*** Opening SUPPLIED DATA ***

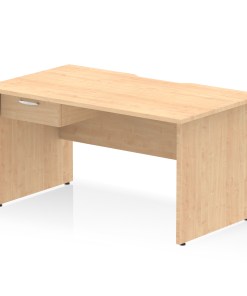 Impulse Scalloped Edge Panel End Straight Desk Frame With Single One Drawer Fixed Pedestal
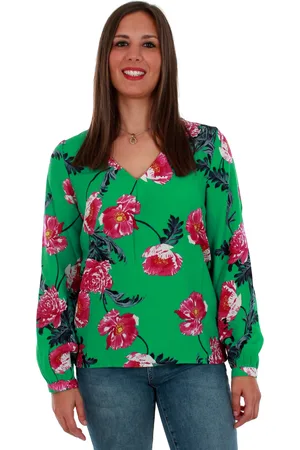 VERO MODA Camiseta manga larga 10210144 VMHOLLY LS MIDI V-NECK TOP D2-1 HOLLY GREEN para mujer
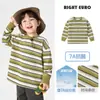 Camiseta Listrada de Manga Longa para Meninos Europeus Casual Outono 2026 Novo Estilo Roupa Infantil para Bebês Top Primavera e Outono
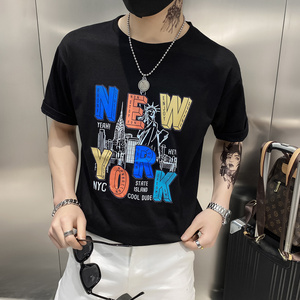 黑色2021店主风精神小伙修身男式印花短袖T恤社会t T053-P45控69图片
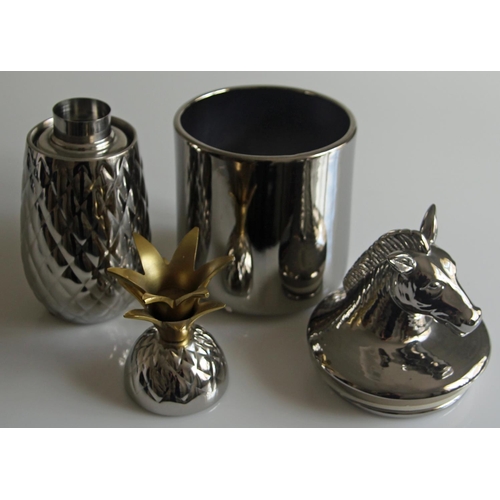 451 - Pineapple Stainless Steel Cocktail Shaker & Ice Bucket with Horses Head Handle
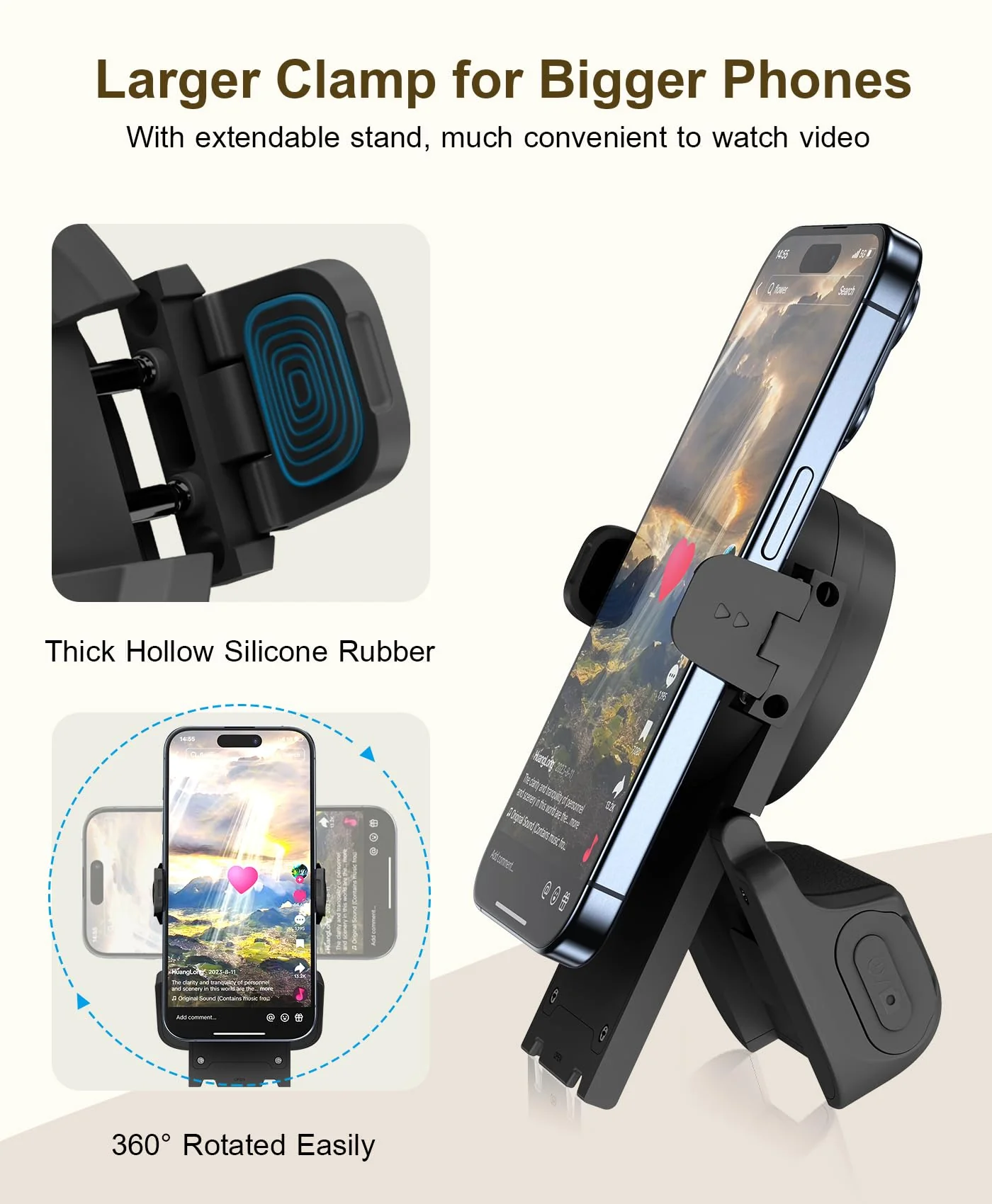 Remote Control Scrolling for TikTok, Page Turner for Kindle App, Camera Camcorder Remote Controls, Scrolling Remote for TikTok/iOS/Android/iPad/iPhone/Tablet with Phone Stand Black - Image 7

*** Closing SUPPLIED DATA ***

BRIEF: Return all the records exactly, excluding images.

RESPONSE AREA:
 Impulse Scalloped Edge Panel End Straight Desk Frame With Single One Drawer Fixed Pedestal
 VERO MODA Camiseta manga larga 10210144 VMHOLLY LS MIDI V-NECK TOP D2-1 HOLLY GREEN para mujer
 Camiseta Listrada de Manga Longa para Meninos Europeus Casual Outono 2026 Novo Estilo Roupa Infantil para Bebês Top Primavera e Outono
 黑色2021店主风精神小伙修身男式印花短袖T恤社会t T053-P45控69图片
 451 - Pineapple Stainless Steel Cocktail Shaker & Ice Bucket with Horses Head Handle
 Remote Control Scrolling for TikTok, Page Turner for Kindle App, Camera Camcorder Remote Controls, Scrolling Remote for TikTok/iOS/Android/iPad/iPhone/Tablet with Phone Stand Black - Image 7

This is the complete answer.